Fifty minutes in a cab from Jerusalem to Tel Aviv, four hours from Tel Aviv to Frankfurt, 12 hours from Frankfurt to Las Vegas, and two hours from Las Vegas to Portland, plus delays and layovers. I traveled backward and forward in time.

It was the end of three months studying abroad in Amman, Jordan. As the plane prepared to descend, I felt restless and impatient to see my family and friends, just beyond the gate. At the same time, I couldn’t help but think of the family I’d left behind.

Jordan is a tiny Arab country squeezed among Israel, the West Bank, Syria, Saudi Arabia, and Iraq in Western Asia. In a region that seethes with war, Jordan is an oasis of stability.

For me, Jordan was a natural choice. I began studying Arabic as a freshman at the University of Oregon, and I am an international studies major focused on the Middle East. Still, it was a nerve-racking decision. The last time I left the country, my family spent a few days in Canada. I was three years old.

Not long after I made my first deposit, my family and friends barraged me with concerned questions. The most common was “Will they make you wear a scarf thing?” (They did not.) I found their fears well-intentioned but rooted in misunderstanding of the Middle East, Arabs, and Muslims.

I was going. That was it.

I first saw Jordan from above. As the plane descended through a gray-violet haze, I saw miles and miles of golden hills punctuated by twisted, dusty olive trees and scrub brush.

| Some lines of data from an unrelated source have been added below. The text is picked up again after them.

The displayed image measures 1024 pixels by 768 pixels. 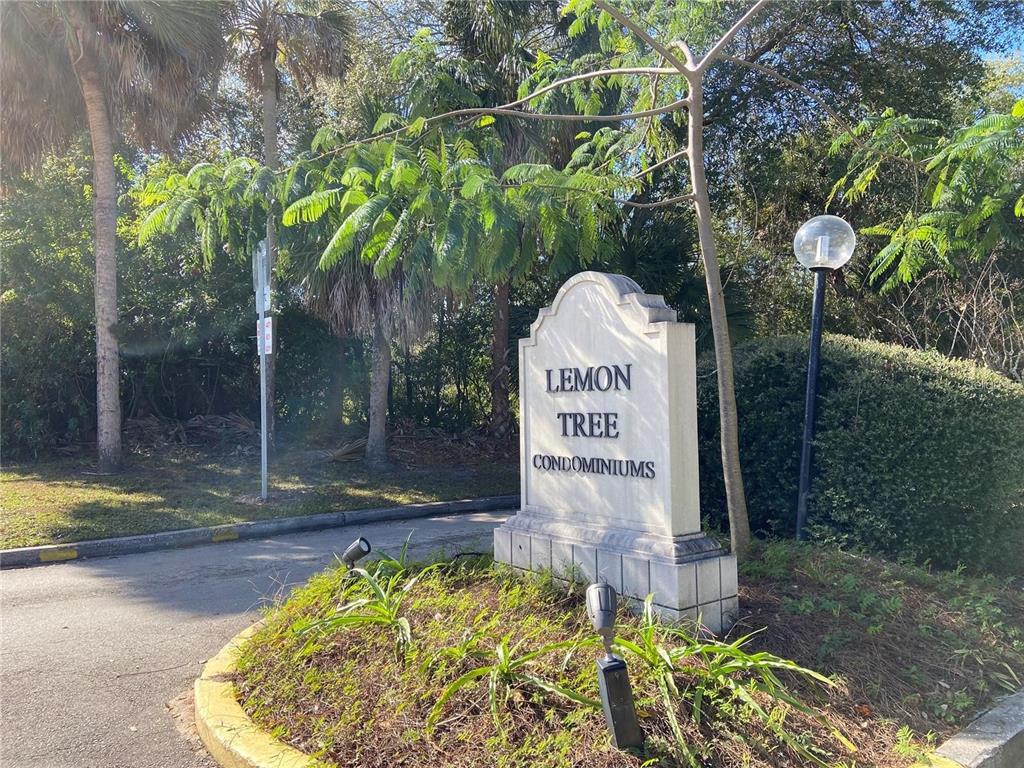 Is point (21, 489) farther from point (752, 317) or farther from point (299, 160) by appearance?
point (752, 317)

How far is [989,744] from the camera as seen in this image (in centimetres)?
373

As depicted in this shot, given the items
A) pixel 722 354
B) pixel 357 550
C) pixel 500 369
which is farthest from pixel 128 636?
pixel 500 369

To my surprise, I was reminded of Oregon’s high desert. Amman rested on top of these hills like a white bird perched on a branch. The highways, choked with traffic, pulsed like arteries carrying blood from the heart to the body. The plane’s wheels hit the tarmac. My ears popped. As-salamu alaykum, welcome to Jordan.

I identified some of the other students by their college sweatshirts in the visa line. Once we cleared security and collected our bags, we were herded into vans and taken to a hotel for orientation.

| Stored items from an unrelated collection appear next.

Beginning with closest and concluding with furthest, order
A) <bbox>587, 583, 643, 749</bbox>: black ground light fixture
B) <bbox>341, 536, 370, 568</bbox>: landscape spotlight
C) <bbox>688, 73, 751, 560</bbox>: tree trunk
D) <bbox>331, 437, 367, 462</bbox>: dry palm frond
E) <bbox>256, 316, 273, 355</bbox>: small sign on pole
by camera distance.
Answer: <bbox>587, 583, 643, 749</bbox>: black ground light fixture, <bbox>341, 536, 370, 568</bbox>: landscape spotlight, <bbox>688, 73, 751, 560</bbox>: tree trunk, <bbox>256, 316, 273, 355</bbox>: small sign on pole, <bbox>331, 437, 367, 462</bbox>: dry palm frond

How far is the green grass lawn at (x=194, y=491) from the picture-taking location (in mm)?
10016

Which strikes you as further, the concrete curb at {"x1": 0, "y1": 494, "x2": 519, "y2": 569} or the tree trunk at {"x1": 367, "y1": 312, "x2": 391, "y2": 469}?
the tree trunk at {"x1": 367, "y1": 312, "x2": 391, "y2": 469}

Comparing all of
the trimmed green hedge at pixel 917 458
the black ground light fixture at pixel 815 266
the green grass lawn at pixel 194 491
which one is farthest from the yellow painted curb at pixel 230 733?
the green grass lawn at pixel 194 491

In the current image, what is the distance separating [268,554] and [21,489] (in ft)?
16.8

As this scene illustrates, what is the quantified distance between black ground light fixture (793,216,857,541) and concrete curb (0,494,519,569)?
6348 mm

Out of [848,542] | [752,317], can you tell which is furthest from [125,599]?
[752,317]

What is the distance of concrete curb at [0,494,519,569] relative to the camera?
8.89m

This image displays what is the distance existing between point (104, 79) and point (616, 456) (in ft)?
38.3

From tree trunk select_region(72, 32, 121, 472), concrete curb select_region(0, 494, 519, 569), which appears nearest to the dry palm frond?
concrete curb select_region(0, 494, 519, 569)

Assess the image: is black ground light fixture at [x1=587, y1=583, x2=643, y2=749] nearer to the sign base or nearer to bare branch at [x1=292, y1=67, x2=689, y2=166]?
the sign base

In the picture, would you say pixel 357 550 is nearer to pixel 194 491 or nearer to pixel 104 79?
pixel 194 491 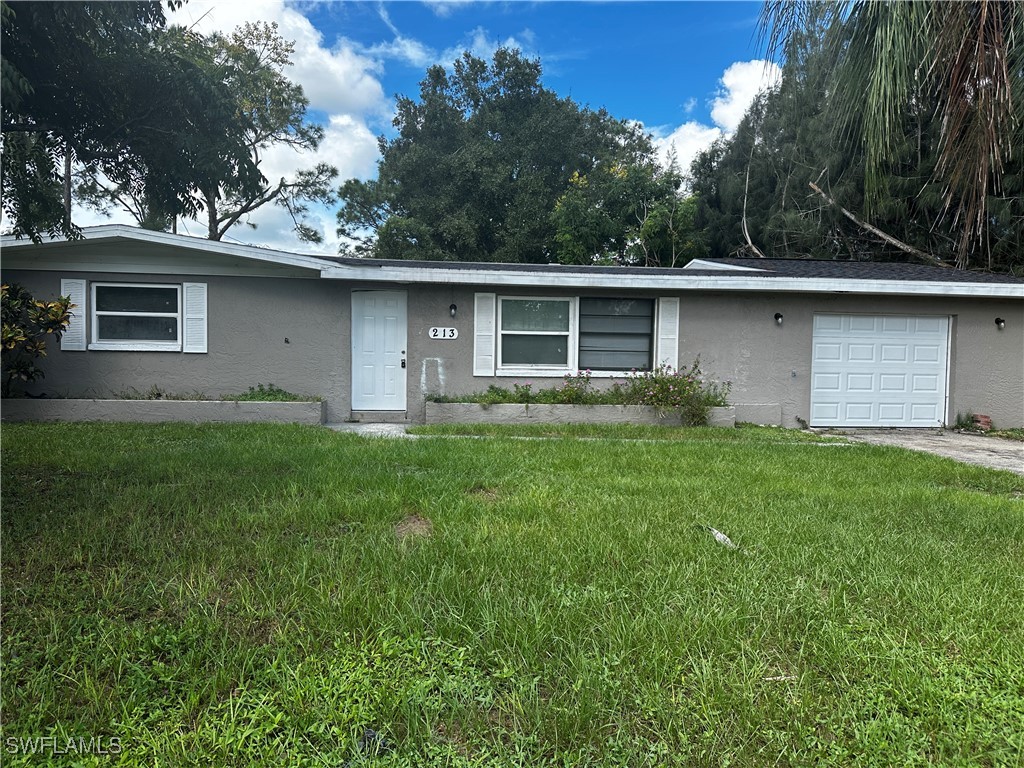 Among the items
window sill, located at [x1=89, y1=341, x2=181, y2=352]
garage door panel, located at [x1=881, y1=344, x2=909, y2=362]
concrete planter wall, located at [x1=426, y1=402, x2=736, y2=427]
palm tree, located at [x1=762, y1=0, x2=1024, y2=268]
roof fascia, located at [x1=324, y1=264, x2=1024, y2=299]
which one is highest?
palm tree, located at [x1=762, y1=0, x2=1024, y2=268]

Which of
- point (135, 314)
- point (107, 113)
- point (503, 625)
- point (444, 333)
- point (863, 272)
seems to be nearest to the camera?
point (503, 625)

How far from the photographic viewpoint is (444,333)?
9.12 meters

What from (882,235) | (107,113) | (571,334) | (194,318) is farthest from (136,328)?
(882,235)

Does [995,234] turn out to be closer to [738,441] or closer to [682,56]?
[682,56]

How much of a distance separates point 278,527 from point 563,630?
6.43 feet

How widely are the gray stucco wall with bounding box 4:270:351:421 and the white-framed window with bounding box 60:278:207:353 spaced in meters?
0.11

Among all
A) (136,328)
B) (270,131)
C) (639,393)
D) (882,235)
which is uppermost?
(270,131)

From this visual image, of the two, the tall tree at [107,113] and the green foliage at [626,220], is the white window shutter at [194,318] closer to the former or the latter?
the tall tree at [107,113]

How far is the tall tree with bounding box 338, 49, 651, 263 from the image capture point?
21109 millimetres

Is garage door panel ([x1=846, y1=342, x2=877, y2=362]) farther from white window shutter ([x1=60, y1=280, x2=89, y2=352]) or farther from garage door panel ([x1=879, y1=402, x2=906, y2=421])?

Three days later, I met my host family for the first time. They ran late; I was one of the last students to be picked up. Each minute that passed, I felt queasier. What had I been thinking, agreeing to live with strangers for three months?

Finally, they arrived. My host mother herded three little children into the room, one boy and two girls. Their eyes glowed with adoration as they approached me. After a quick introduction, we shoved my suitcase into the trunk and drove off.

No one wore seatbelts. As I would find out, some Uber drivers had even invented a system to outwit the alarms in their newer cars. They cut the seatbelts out, but kept the clip permanently inserted: voila, no more annoying beeping. You were only a little more likely to become a human projectile.

My home family lived in a middle-class neighborhood. The littler of the two girls insisted on dragging my suitcase, which probably weighed twice as much as her, across the threshold to my room. My host mom sat me down and put a cup of mint tea in my hand. The kids crowded around, excited.

“Your face is like a flower,” my little brother said to me. He turned to his sister. “Your face is like a donkey.” She clicked her tongue at him.

At that moment, they were strangers to me. But in three short months, those kids would become like my own brothers and sisters.

After the first few days, I fell into a routine. Each morning, the call to prayer drew me out of sleep. I braided my sisters’ hair and then called an Uber to school. Our school was a 20-minute drive across town, in the upscale neighborhood of Abdoun. Our neighbors, ambassadors and expats, lived in limestone villas guarded by bored soldiers and stray cats. Their gardens overflowed with sweet-smelling flowers; on the balconies, domestic servants hung the washing out to dry. In the morning I studied Arabic on the first floor, and then, in the afternoon, humanitarian relief on the top floor. After school, I spent hours playing with my siblings or studying in cafés in Weibdeh, the artistic heart of Amman.

On Fridays, my extended host family filled up the apartment. Usually at these family gatherings I stayed silent while the family members gossiped. Thankfully, we usually began to eat right after the guests arrived, which meant I could shovel rice into my mouth instead of trying to speak broken Arabic. On Fridays we only ate only one meal, because it was enormous.

Usually I passed unnoticed. But one Friday, my host father’s father, Sedo, turned to me and asked, “Why don’t you speak Arabic?” Before I could respond, he asked a second question: “And why do Americans think Arabs are terrorists?”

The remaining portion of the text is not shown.